* [Records provided]
>>>
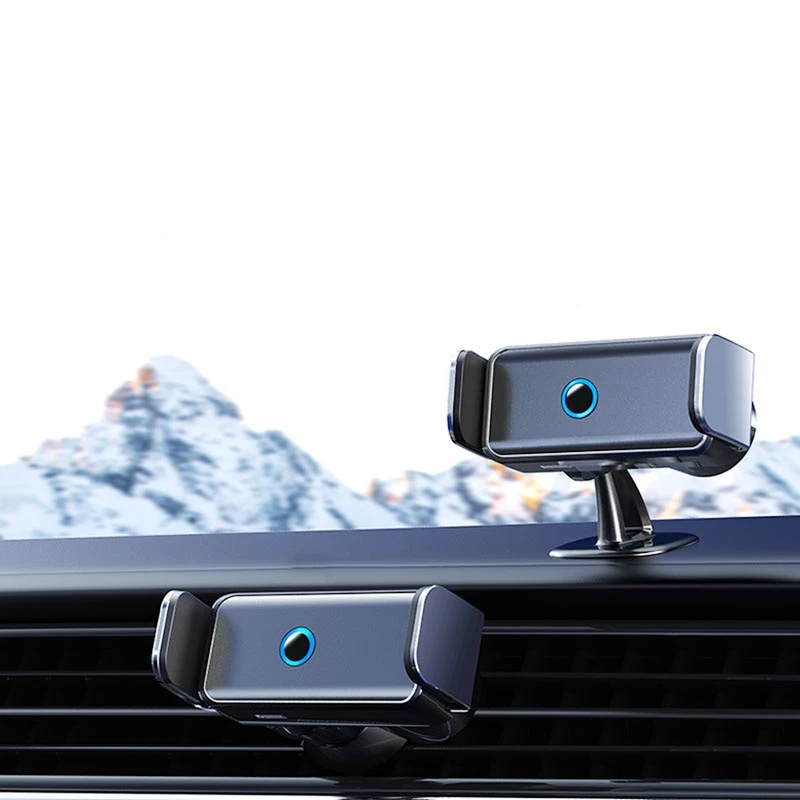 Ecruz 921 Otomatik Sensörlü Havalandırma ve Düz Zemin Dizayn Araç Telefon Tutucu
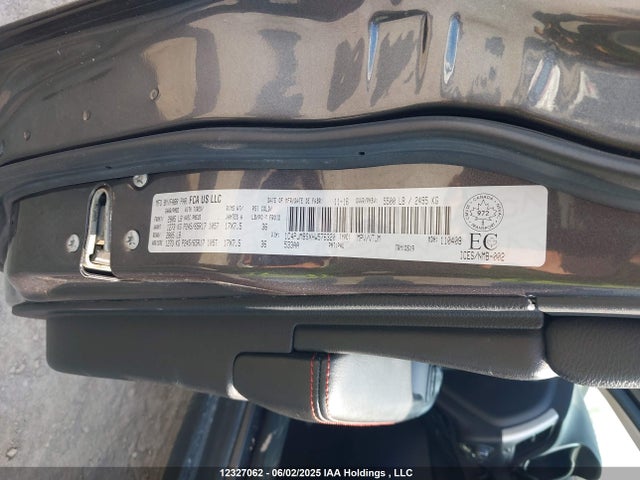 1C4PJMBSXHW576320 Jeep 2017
<<<
>>>
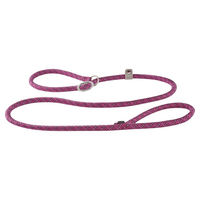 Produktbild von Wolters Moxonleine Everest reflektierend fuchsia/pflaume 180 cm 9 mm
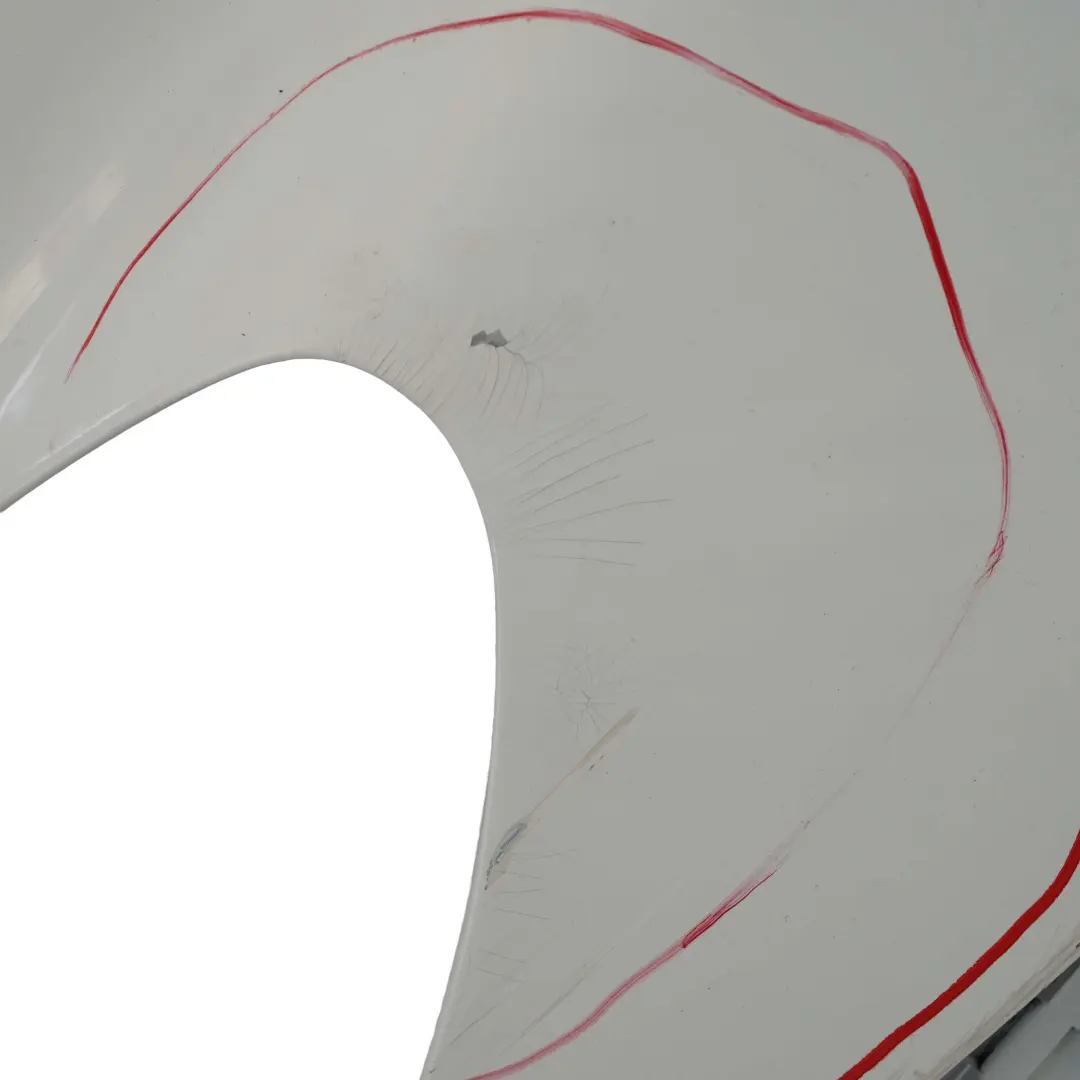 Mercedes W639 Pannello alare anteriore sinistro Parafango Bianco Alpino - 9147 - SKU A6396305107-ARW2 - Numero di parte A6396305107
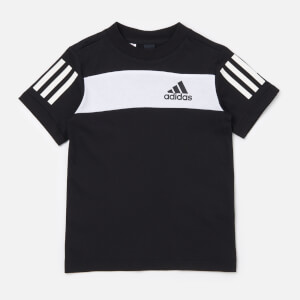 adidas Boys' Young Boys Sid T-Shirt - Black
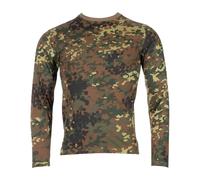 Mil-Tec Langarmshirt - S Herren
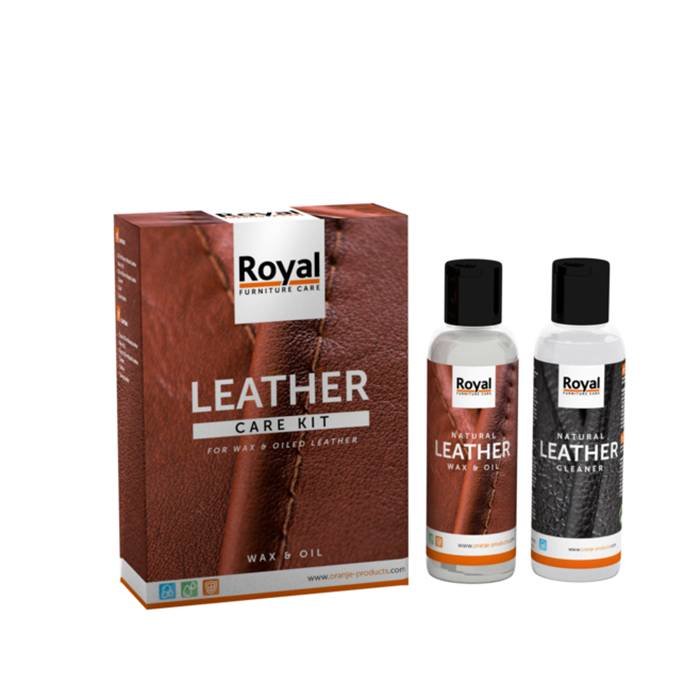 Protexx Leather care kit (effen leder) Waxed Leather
<<<
* [Task to complete]
Starting with the line that contains "Ecruz 921 Otomatik" and finishing with the line that contains "1C4PJMBSXHW576320 Jeep 2017", reproduce every line of the material above exactly, but not the pictures.

* [Response]
 Ecruz 921 Otomatik Sensörlü Havalandırma ve Düz Zemin Dizayn Araç Telefon Tutucu
 1C4PJMBSXHW576320 Jeep 2017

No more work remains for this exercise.